Critical Accounting Policies

        The Company identified critical accounting policies in its Annual Report on Form 10-K for the year ended December 31, 2002. These critical accounting policies relate to product revenue recognition, royalty revenue recognition, rebate and return reserves, patents, intangibles and other assets, accounts receivable and bad debt, induced conversion of debt and inventory write-downs. These policies require the Company to make estimates in the preparation of its financial statements as of a given date. Because of the uncertainty inherent in these matters, actual results could differ from the estimates used in applying the critical accounting policies. Within the context of these critical accounting policies, the Company is not currently aware of any reasonably likely events or circumstances that would result in materially different amounts being reported. Additionally, no changes to these critical policies have taken place in the six-month period ended June 30, 2003.
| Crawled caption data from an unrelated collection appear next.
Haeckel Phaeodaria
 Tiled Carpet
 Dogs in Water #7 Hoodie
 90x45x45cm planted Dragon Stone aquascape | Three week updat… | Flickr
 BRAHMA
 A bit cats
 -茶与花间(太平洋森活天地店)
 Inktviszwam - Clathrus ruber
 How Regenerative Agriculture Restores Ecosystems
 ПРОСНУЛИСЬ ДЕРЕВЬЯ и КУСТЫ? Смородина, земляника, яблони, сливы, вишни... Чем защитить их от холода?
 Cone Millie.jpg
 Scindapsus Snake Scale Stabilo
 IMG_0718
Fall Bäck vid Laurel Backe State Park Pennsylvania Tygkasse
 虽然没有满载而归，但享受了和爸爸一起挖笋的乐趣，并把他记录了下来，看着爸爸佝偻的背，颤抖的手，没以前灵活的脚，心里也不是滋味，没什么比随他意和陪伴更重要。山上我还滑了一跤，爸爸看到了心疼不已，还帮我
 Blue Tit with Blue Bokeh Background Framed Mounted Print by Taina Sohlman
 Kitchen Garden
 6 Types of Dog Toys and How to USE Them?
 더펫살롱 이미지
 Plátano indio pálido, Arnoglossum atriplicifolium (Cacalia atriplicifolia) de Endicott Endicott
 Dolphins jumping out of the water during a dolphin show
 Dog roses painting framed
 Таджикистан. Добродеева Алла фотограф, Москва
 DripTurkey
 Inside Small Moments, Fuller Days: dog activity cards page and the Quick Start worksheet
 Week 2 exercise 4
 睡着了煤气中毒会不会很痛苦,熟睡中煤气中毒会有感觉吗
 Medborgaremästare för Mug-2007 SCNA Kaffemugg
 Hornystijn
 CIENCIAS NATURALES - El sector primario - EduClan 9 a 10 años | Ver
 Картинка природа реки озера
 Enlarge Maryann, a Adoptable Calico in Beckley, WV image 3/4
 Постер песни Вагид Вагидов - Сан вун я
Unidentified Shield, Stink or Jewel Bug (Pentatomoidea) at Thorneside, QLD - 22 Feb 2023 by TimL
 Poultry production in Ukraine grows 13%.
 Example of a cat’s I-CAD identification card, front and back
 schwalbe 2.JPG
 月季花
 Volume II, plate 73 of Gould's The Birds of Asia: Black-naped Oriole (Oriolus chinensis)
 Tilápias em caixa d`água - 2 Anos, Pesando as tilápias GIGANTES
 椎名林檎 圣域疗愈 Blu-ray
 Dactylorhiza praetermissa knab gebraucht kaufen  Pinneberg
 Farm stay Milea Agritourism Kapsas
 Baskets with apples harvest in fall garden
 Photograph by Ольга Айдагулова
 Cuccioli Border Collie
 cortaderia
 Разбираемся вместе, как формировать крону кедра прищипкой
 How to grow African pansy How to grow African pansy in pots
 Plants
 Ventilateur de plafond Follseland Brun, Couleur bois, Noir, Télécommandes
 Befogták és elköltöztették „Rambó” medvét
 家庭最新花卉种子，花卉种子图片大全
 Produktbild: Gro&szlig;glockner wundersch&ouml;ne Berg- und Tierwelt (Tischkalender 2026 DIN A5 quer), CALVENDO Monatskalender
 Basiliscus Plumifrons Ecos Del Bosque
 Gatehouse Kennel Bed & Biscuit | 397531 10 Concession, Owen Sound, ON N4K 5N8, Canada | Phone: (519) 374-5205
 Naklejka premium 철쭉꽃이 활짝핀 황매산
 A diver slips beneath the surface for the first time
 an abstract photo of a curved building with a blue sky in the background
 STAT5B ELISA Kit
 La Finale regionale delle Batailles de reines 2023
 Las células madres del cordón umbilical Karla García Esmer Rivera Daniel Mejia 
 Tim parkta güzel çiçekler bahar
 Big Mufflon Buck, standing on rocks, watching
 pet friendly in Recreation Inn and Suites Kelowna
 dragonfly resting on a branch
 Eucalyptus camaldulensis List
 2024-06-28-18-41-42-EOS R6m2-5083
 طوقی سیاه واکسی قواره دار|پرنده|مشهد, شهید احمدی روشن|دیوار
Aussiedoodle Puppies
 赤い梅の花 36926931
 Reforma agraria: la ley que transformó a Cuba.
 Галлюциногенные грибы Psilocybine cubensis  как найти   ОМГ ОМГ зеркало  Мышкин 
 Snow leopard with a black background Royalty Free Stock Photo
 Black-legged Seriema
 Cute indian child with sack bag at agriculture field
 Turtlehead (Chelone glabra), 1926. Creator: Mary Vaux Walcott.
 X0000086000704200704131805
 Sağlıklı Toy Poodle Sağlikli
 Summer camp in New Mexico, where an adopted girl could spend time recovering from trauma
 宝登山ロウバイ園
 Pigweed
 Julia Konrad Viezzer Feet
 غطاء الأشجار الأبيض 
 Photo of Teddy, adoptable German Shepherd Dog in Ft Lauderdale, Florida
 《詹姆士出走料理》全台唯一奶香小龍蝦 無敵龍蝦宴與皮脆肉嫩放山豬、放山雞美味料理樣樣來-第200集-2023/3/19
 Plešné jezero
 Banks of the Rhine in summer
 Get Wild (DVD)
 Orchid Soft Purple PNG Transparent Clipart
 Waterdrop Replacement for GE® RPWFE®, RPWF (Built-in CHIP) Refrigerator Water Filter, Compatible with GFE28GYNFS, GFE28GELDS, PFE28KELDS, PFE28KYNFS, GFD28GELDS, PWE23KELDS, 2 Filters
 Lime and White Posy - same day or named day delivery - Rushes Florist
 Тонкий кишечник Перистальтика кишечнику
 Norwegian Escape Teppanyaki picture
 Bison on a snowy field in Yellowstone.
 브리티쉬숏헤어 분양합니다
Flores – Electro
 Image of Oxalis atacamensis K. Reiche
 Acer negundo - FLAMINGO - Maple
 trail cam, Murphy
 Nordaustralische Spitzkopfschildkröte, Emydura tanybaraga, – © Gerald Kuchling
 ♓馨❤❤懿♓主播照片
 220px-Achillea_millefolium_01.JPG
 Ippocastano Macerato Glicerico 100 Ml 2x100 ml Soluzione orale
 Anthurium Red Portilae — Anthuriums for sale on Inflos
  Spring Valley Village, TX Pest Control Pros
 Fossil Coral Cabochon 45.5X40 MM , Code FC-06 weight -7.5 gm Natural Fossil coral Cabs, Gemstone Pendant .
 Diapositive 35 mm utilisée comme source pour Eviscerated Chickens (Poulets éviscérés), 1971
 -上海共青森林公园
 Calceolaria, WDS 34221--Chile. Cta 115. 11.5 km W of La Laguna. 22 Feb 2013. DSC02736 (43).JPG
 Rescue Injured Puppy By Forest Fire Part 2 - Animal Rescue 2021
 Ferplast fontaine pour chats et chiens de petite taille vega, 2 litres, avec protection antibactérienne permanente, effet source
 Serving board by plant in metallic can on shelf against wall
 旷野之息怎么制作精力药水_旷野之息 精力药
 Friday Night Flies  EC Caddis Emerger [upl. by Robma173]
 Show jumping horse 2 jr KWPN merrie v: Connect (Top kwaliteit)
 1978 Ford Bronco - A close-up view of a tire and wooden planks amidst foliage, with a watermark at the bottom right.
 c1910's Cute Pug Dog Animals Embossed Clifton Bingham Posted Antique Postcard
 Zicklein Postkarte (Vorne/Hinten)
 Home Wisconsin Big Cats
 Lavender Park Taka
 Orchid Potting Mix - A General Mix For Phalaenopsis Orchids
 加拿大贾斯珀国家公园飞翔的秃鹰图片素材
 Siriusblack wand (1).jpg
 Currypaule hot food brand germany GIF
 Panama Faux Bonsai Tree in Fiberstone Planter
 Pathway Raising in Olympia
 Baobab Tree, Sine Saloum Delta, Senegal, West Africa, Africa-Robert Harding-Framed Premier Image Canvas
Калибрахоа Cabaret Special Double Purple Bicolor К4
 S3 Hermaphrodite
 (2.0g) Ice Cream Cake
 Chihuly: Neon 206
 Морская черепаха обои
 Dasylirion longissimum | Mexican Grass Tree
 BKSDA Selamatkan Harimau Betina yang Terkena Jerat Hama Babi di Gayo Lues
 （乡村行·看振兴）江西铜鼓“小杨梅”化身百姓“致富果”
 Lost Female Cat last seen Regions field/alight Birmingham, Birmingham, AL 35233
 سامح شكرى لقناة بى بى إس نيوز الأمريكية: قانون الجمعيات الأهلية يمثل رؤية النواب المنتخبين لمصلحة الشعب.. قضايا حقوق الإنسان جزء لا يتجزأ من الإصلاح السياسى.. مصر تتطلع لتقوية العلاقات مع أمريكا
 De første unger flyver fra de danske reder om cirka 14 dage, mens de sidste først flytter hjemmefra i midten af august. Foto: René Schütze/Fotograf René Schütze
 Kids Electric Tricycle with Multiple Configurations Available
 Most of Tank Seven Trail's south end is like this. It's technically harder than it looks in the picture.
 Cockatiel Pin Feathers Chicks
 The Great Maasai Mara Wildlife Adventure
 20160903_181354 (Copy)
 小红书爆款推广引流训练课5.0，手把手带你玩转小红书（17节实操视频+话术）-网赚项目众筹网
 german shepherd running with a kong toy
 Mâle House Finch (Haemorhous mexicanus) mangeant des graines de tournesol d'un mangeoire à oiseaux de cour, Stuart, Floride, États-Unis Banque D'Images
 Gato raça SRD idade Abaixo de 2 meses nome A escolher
Three Month Periods ended June 30, 2003 and 2002

        Product revenues were $61,350,000 and $35,350,000 for the three months ended June 30, 2003 and 2002, respectively, an increase of approximately 74%. The increase for the three-month period ended June 30, 2003 as compared with the same period in 2002 is due primarily to an increase in unit volume sales of XOPENEX® of approximately 70%. Additionally the net selling price per unit of XOPENEX increased by approximately 2% as a result of a gross unit price increase of approximately 9%, offset by increased sales rebates and allowances which are accounted for as a reduction to product sales. The Company believes that the increase in XOPENEX unit volume is due to market share increases which can be attributed to increased demand for XOPENEX as a result of positive experiences reported by patients and physicians, targeted marketing to high volume prescribers and an increased number of sales representatives.

        Royalties and other revenues were $15,105,000 and $12,786,000 for the three months ended June 30, 2003 and 2002, respectively, an increase of approximately 18%. The increase for the three months ended June 30, 2003 as compared with the same period in 2002 is due primarily to increased royalties earned on sales of CLARINEX® under an agreement with Schering-Plough Corporation. The increase in these royalties resulted from an increase in the volume of sales of CLARINEX which was commercially launched in January 2002.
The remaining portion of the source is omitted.